Directional shear strength models in 2D and 3D limit equilibrium analyses to assess the stability of anisotropic rock slopes in the Pilbara Region of Western Australia

Neil Bar and Geoffrey Weekes

Abstract

The bedded iron ore and gold deposits in the Pilbara Region of Western Australia are hosted in highly anisotropic rock masses. For iron ore, these comprise strong banded iron formations discretely interbedded with very weak shales. Gold and other precious metals deposits in the same region are hosted by interbedded siltstones, sandstone and quartzites. Slope instability mechanisms generally involve sliding along bedding planes combined with joints or faults acting as release planes.

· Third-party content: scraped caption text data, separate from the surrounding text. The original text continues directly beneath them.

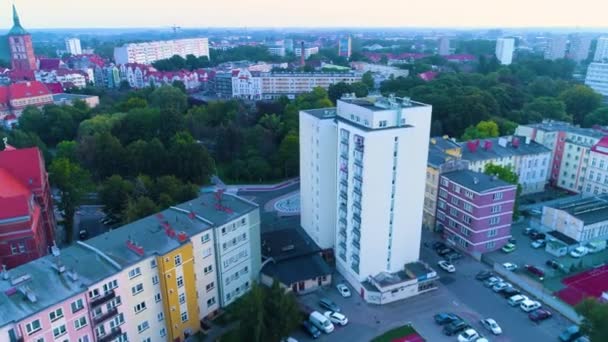 Square March Kolobrzeg Aerial View Poland High Quality Footage — Stock video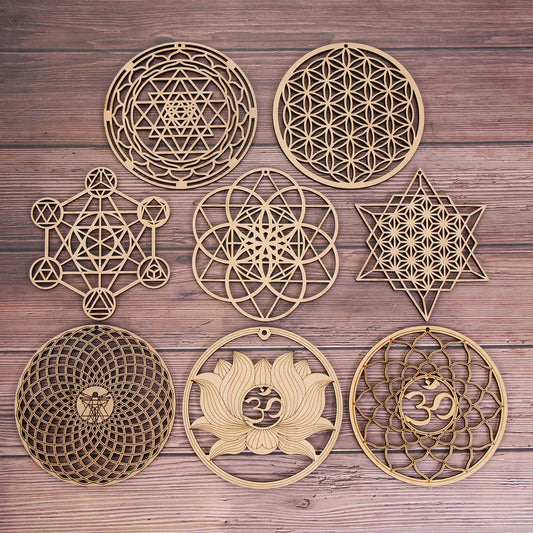 14cm Flower of Life Wooden Wall Sign - Laser Cut Wood Art, Home Decor, Coasters, Craft Making, Sacred Geometry Ornament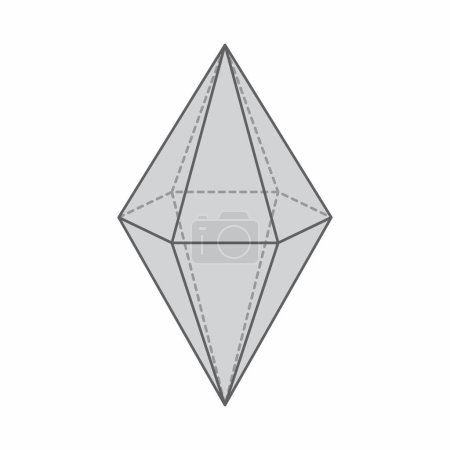 Illustration for Hexagonal bipyramid, 3D geometric shape isolated on white background. - Royalty Free Image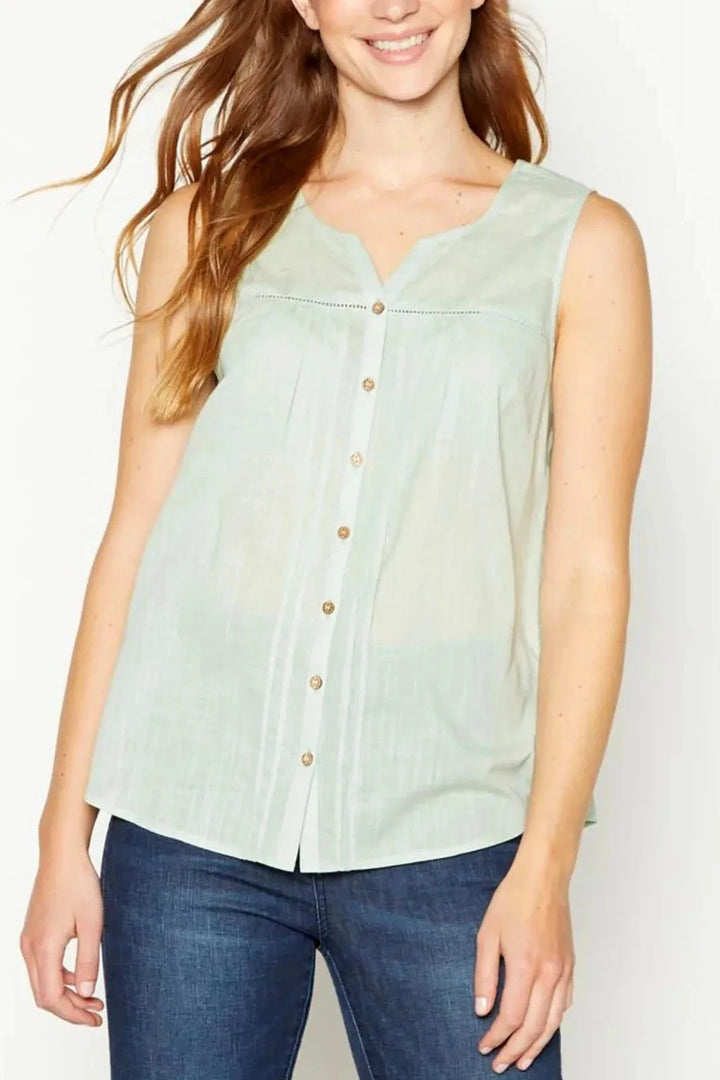 Mantaray Sleeveless Light Cotton Blouse Pale Green / 14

Slope stability modelling techniques applied to highly anisotropic rock masses have developed significantly over the years from basic kinematic analysis in the 1990’,s through to two-dimensional limit equilibrium analysis and numerical modelling in the 2000,s with the available software increasing in functionality and complexity over time. Limit equilibrium analysis software now offer a range of options to model the behaviour of anisotropic rock masses. The results obtained by these different models can vary significantly. It has been found that selecting either inappropriate anisotropic shear strength models for a given rock mass or using poorly calibrated models typically result in overly conservative slope designs. This paper presents case studies which illustrate the importance of geological interpretations, correct constitutive model selection, the use of non-linear shear strengths, and 2D and 3D modelling approaches.